Two Monroe County residents are planning to give back in the wake of personal tragedy.
Adrian and Leisa Martinez’s daughter, Chloe, died in 2019 due to an accidental overdose.
After Chloe’s death, the Martinez family got in touch with Art and Beth Deno, who run a St. Louis-based nonprofit called ACPD that helps people and their families overcome addiction and its effects. ACPD stands for Austin Christopher Paul Deno, the name of Art and Beth’s son who died from an accidental overdose in 2016.
Five years later, those two couples are joining forces to create Cornerstone Laine at the former independent assisted senior living facility at 288 Mueller Lane known as Rosedale House. The nonprofit recovery residence is dedicated to helping women experiencing drug and alcohol addiction.

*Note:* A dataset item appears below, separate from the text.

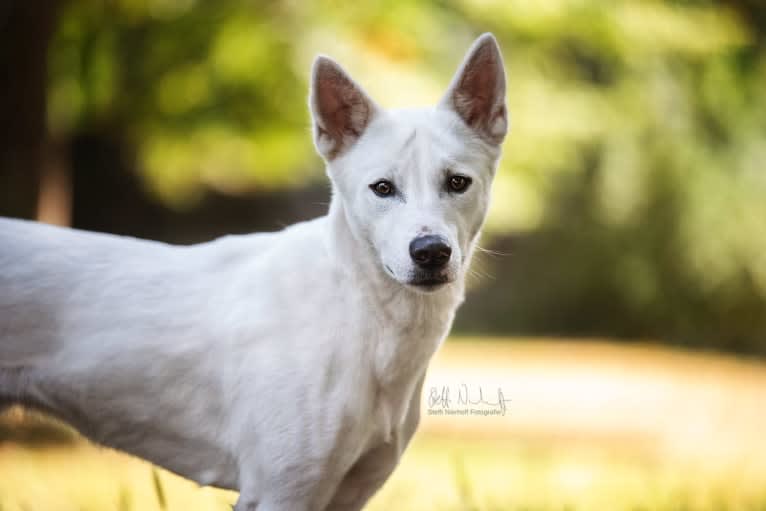 Suri, a Canaan Dog tested with EmbarkVet.com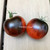 Indigo Dancing With Smurfs tomato seeds Indigo Dancing With Smurfs tomato seeds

“We’re excited for the opportunity to serve the women of Waterloo and all of Monroe County,” Leisa said. “We’re thankful for the opportunity. We look forward to sharing more details as the project moves forward.”
Adrian and Leisa are perhaps best known in Monroe County as owners of Metro East Power Haus off Hanover Road. They plan to bring their years of business experience to running Cornerstone Laine.
They will get help from the Denos, who live in South County, when it comes to providing treatment, as ACPD has helped over 750 people find treatment centers that fit their needs. That organization boasts a success rate of 81 percent, which is much higher than the national average.
Even with all those efforts, ACPD still is unable to help around 25 people looking for a recovery center each month. Cornerstone Laine will look to fill that gap for women.
Per information provided to Waterloo city officials, the facility will “provide a Christ-centered, supportive residential recovery environment” for women ages 18 and above through a 90-day program that includes meals, peer support, 12-step programs and a bible study for $8,000. Two scholarships will be available every 90 days, and residents can use various payment options if needed.
Five full-time and four part-time employees will operate the facility, which will have a maximum of 24 residents at a given time.
Those residents may be from Monroe County, the surrounding area or anywhere in the country, according to the information.
The goal with all of this is to save parents and families from the grief of losing a loved one to addiction, the women themselves from addiction, and individuals by “modeling the love of God through Christ.”
“We want to make the community proud,” Leisa said. “We love the community and love living in the county. We’re just excited to see what God’s going to do with the project.”
There are not yet definitive plans for when Cornerstone Laine will open, in part because more work needs to be done by the nonprofit and the city.
“There are several different avenues being discussed if the aldermen choose to move forward with this proposal,” Waterloo Zoning Administrator Jim Nagel explained. “Each would include a zoning text amendment and a special use permit, and one would also include rezoning of the property.”